Part 1 is structurally not a very complex piece: the music revolves around a riff and sticks to it more or less. It’s the reverence with which the Ancient Moon men build up the ambience by adding keyboard wash and the multi-tracked vocals which include deep sonorous throat singing, that make the piece the epic blasphemous soundtrack it is. The punishing pace builds up the intensity and the anticipation of something glorious that will soon happen. There are many moments of sheer deranged delirium when some of the keyboards go a bit off-key and insist on going round and round in circles, in a demon-possessed trance. There may be other moments where the music just coasts along or leaves listeners floating in black murky silence for a while but the focus remains obsessively single-minded.
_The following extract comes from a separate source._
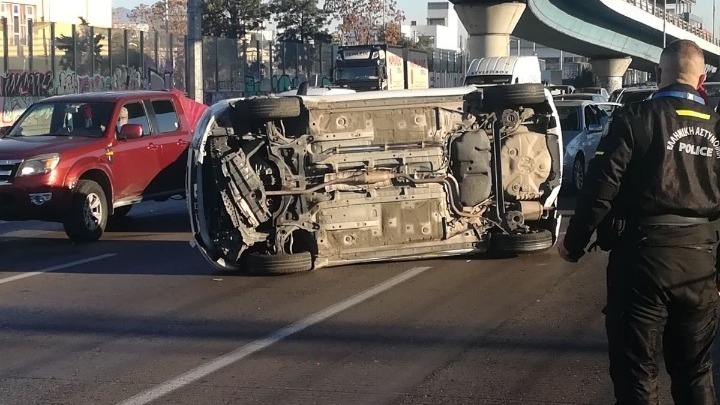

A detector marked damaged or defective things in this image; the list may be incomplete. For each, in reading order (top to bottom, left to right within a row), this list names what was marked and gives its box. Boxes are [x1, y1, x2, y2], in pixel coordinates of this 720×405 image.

overturned white car [188, 83, 564, 274]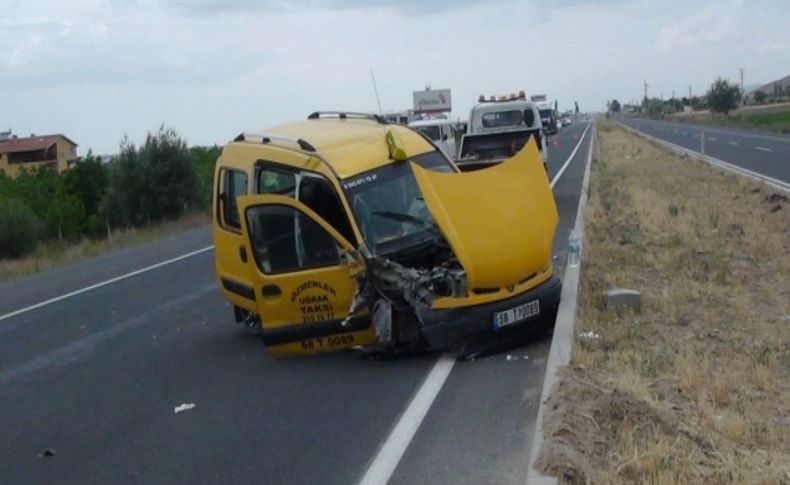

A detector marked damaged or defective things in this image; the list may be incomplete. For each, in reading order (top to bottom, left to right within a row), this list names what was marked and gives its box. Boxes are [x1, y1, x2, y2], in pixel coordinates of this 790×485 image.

damaged yellow taxi [210, 112, 564, 356]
Part 2 starts a bit slower, with showers of corrosive tremolo guitar raining down on listeners’ heads, and has even more of a deep occult feel. When the music erupts into raw BM aggression, it has an air of complete insanity as though the ritual being enacted has robbed its participants of all conscious thinking and what is left is their deep desires and hatreds. Now reptilian vocals – obviously there was some physical and spiritual transformation at the end of the first track – dominate the music in amongst the berserk guitaring and runaway drumming. As with Part 1, the music pulls back and allows the dark ambience to fill the ritual participants’ minds with thrumming hand-drumming rhythms, inaudible chants and heavy breathing and sighing. When at last the music resumes, it settles into a melodic if sedate pace and continues to its goal.
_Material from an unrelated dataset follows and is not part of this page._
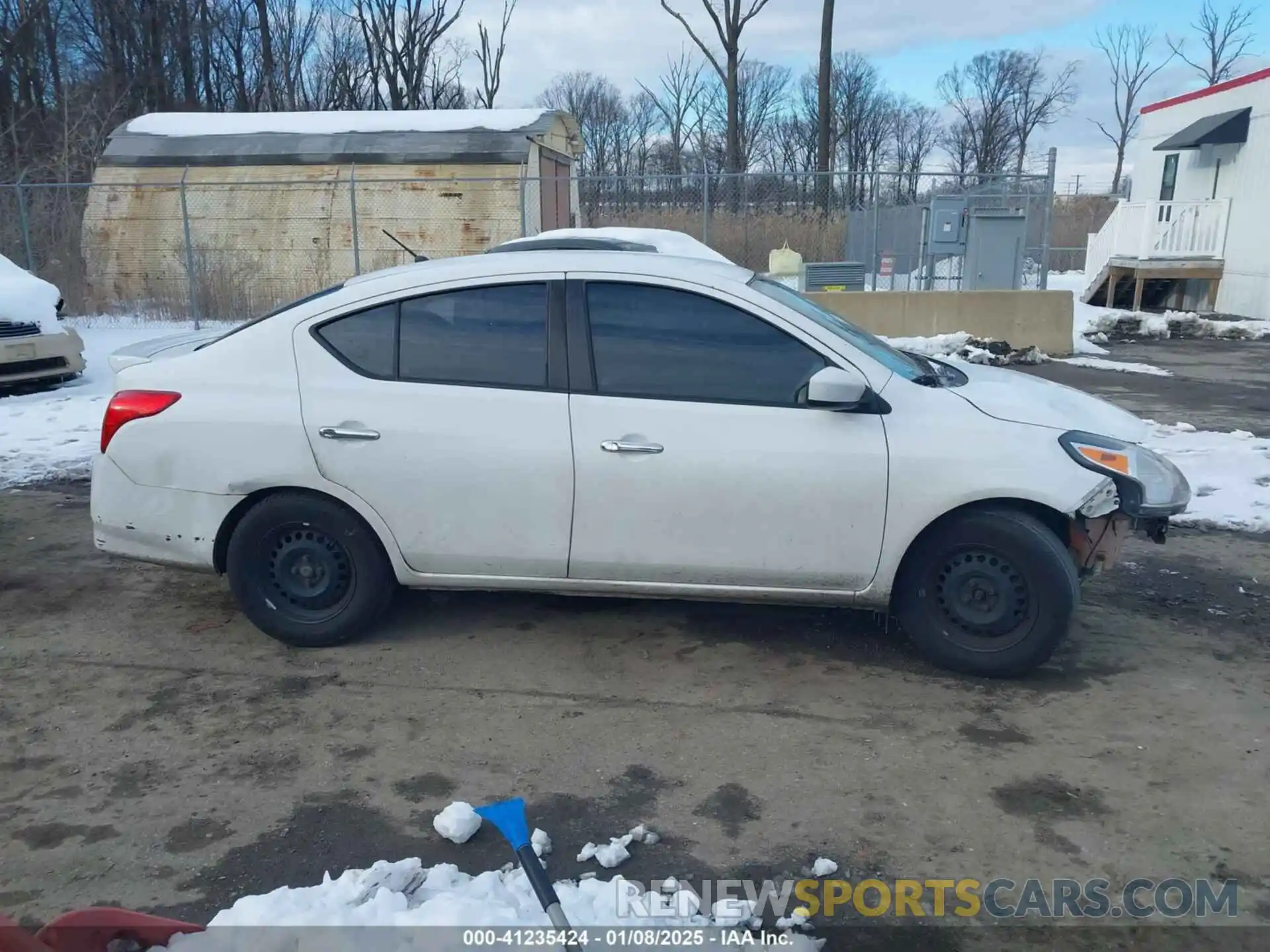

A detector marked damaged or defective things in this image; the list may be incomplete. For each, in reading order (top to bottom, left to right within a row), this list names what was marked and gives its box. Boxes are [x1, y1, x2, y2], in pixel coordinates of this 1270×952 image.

rusty metal building [87, 107, 582, 316]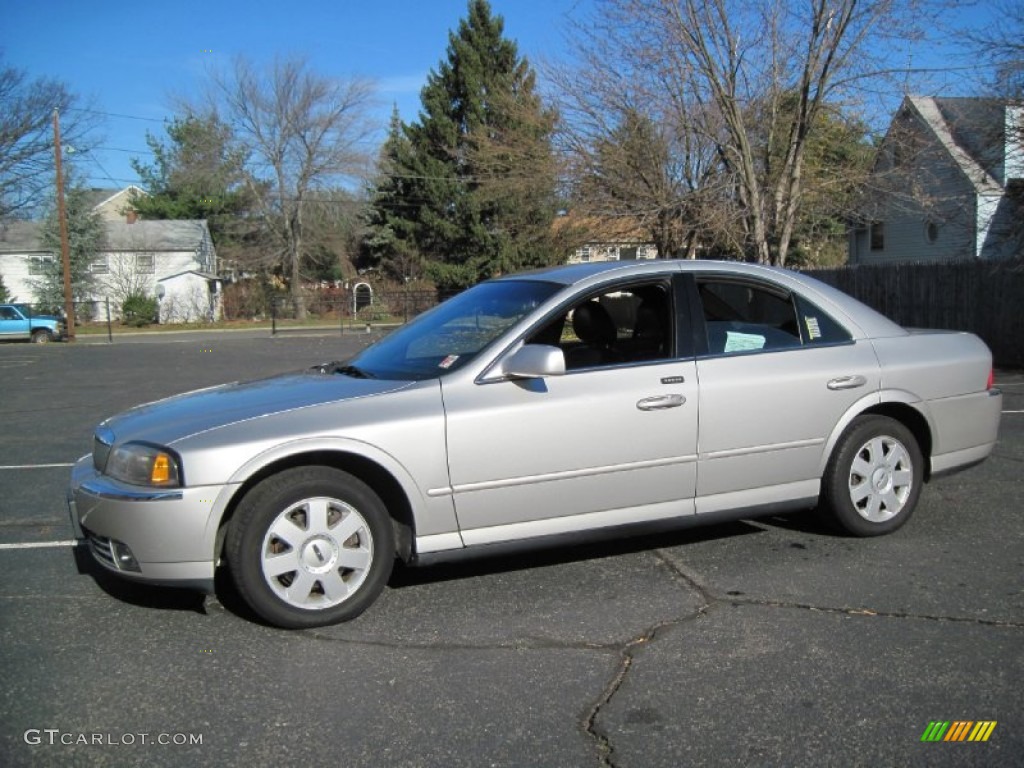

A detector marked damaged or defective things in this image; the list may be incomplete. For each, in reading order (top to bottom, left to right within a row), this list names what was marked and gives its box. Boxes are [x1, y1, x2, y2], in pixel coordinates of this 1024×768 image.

cracked pavement [2, 344, 1024, 768]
The band’s main achievement is in creating, building up and maintaining a consistent and credible sonic world of unholy sights and ceremonies performed by subterranean creatures (who dare not reveal themselves in sunlight, lest they be burnt to a crisp) to revere their demon god. Raw brutal and bestial aggression and occasional derangement are balanced by a restrained ethereal atmosphere and the reverence with which the worshippers conduct their evil rituals. While perhaps the later moments of Part 2 may be a bit drawn out and the band treads a fine line between being appropriately dramatic and being cartoonish, on the whole this album paints a very rich soundscape in which listeners’ imaginations can fly and you really can see hooded figures in deep catacombs hailing a statue of Baphomet and bringing sacrificial victims to the blood-soaked altar on the film projector screens behind your eyelids.